BEGIN Records supplied

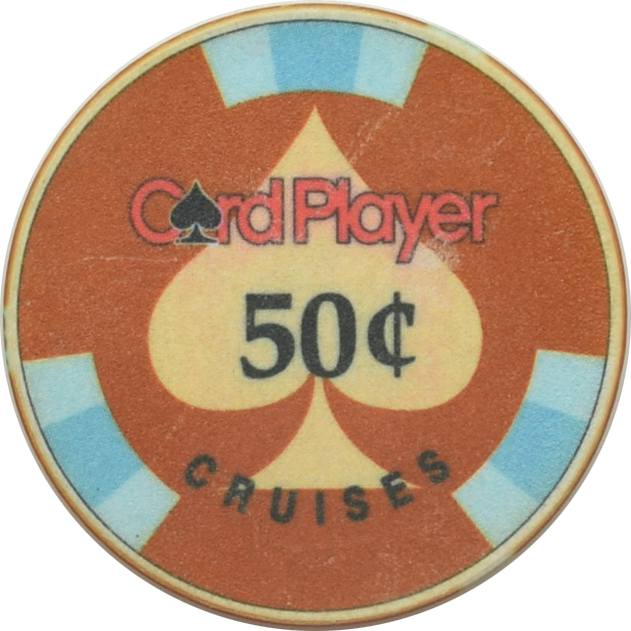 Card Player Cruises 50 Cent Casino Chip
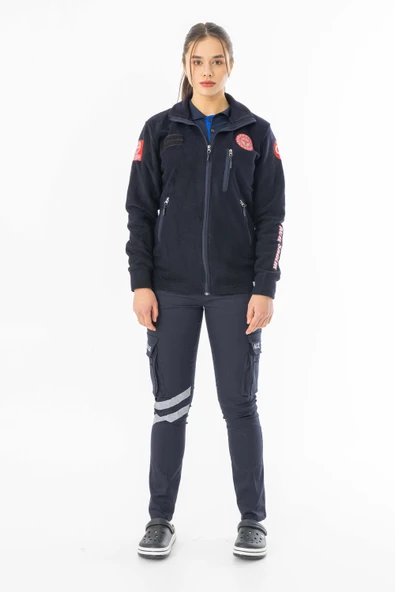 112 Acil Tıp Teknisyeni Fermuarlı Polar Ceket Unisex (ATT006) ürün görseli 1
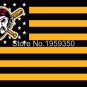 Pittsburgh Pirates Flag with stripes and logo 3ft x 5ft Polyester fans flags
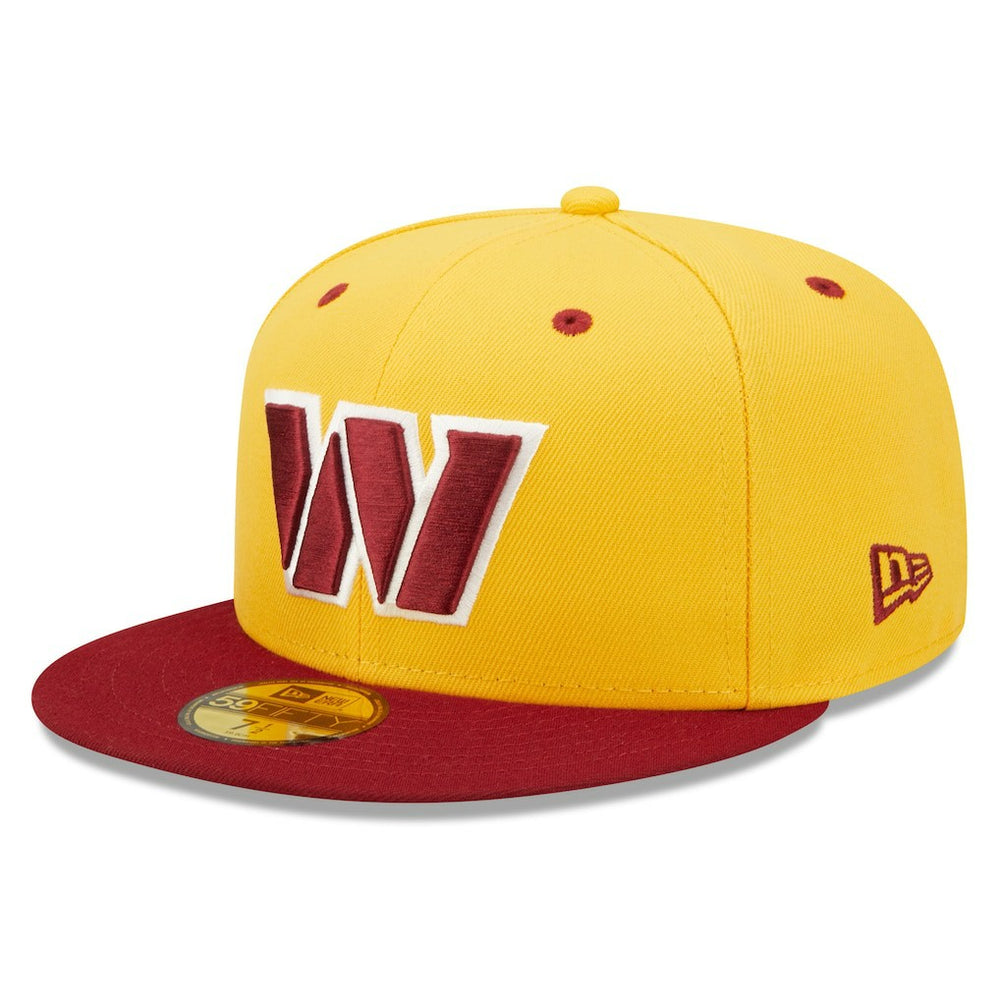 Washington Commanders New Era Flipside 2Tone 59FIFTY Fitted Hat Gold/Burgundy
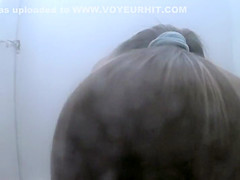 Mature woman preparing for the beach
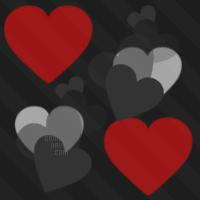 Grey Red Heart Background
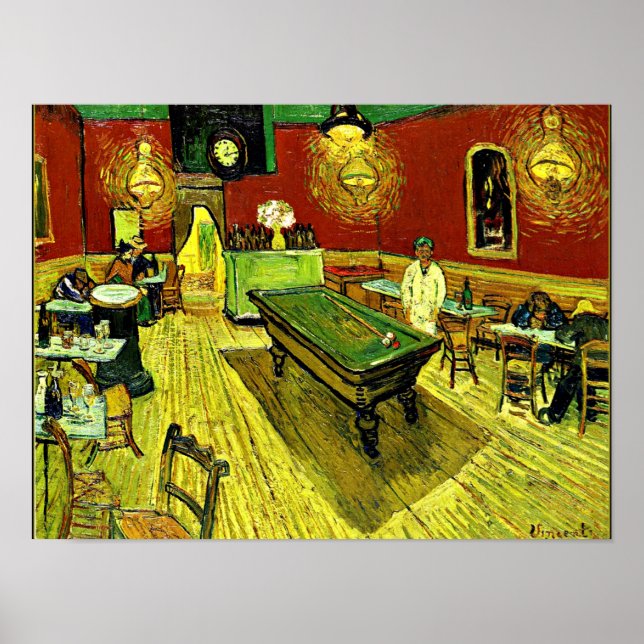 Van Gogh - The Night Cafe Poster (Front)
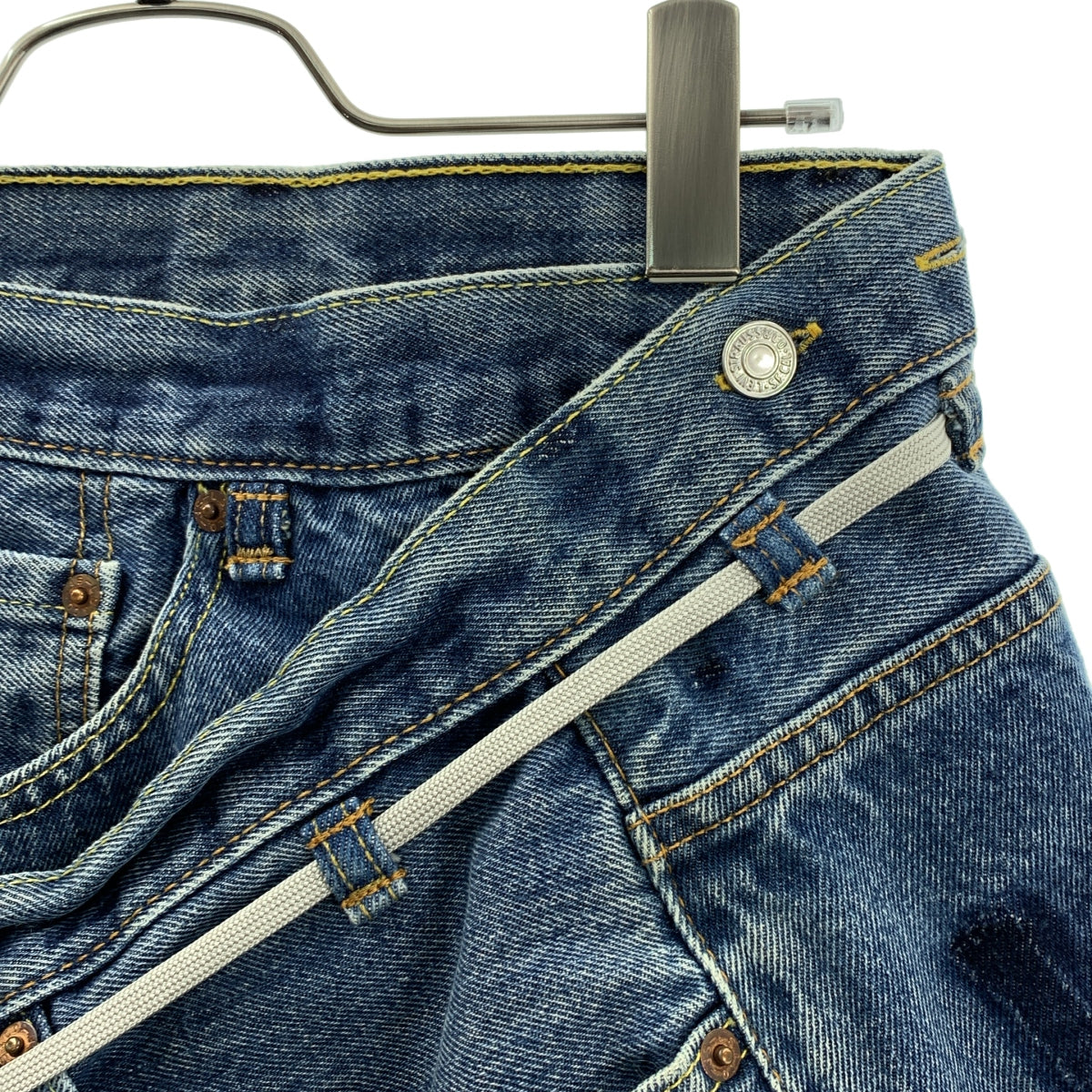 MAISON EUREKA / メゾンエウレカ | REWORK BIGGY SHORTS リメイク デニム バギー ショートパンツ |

END Records supplied

> _Try it_
Retype the records above exactly. Leave the pictures out.

> _Solution_
 Card Player Cruises 50 Cent Casino Chip
 112 Acil Tıp Teknisyeni Fermuarlı Polar Ceket Unisex (ATT006) ürün görseli 1
 Pittsburgh Pirates Flag with stripes and logo 3ft x 5ft Polyester fans flags
 Washington Commanders New Era Flipside 2Tone 59FIFTY Fitted Hat Gold/Burgundy
 Mature woman preparing for the beach
 Grey Red Heart Background
 Van Gogh - The Night Cafe Poster (Front)
 MAISON EUREKA / メゾンエウレカ | REWORK BIGGY SHORTS リメイク デニム バギー ショートパンツ |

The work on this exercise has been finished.